# How do you post a letter in Spain?



## jimenato

They've stopped selling stamps at the correos. They used to and I've been able to buy them before at the tobacconist but he didn't have any last time I went, I'll try again but I suspect he's stopped too. 

Any ideas?


----------



## stevelin

I always take my letters to the correos so they can weigh them. Since doing this I have not had a letter go astray unlike when we were posting into the box. Also to the UK it now only takes 2-3 days!!!!


----------



## jimenato

So I've got to go and queue every time I want to post a letter or card?


----------



## stevelin

Our correos is open all day so we go about 2.30 or a saturday morning about 10 am and its often empty


----------



## leedsutdgem

Had to laugh at this one. Only in Spain eh?? A post office that doesnt sell stamps lol


----------



## jojo

So are they planning to abolish letter boxes?? Surely this would have been mentioned somewhere... like newspapers, tv??????

Jo xxx


----------



## Alcalaina

jojo said:


> So are they planning to abolish letter boxes?? Surely this would have been mentioned somewhere... like newspapers, tv??????
> 
> Jo xxx


We've only got one postbox in the whole town, other than the Correos. Even that disappeared for a while when they were re-doing the pavement.
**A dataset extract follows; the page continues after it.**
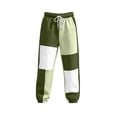 thumbnail image 4 of Inleife Women's Color Block Patchwork Jogger Sweatpants, High Waist Drawstring Cuffed Ankle Casual Long Pants with Side Pockets for Winter, 4 of 6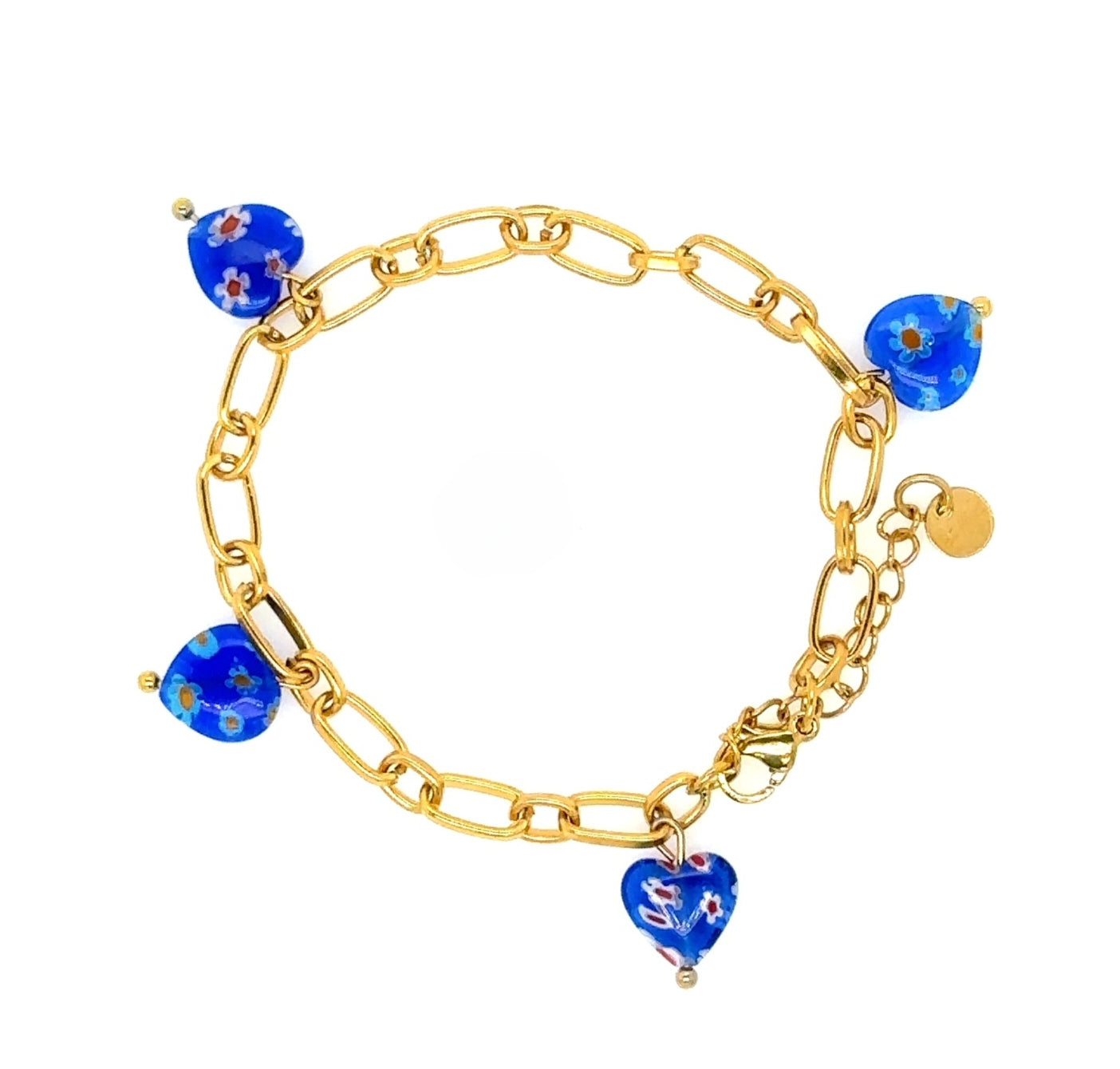 gold oval chain bracelet with royal blue millefiori heart beads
I stock up on stamps at the tobacconists, otherwise I'll make a day of it, take a good book and queue up at the Correos.


----------



## baldilocks

We've got at least two postboxes but since the Correos is just round the corner and is very busy if there is more than one customer, it's no problem. The only disadvantage is the postmaster - he is a really miserable git!


----------



## ted111

You now have to hand your post in at the correos for them to stamp as people were just sticking any old stamp on and not always the correct amount of postage stamp for the size/weight/colour. 
In the Uk if you don't put the correct postage on, the recipient would have to collect their post from the depot and pay the extra. 
This new system means it has definitely got the right stamp on. 
You can still buy stamps from some places 'under the counter' as it were.


----------



## jimenato

ted111 said:


> You can still buy stamps from some places 'under the counter' as it were.


Is that only 'while stocks last'?


----------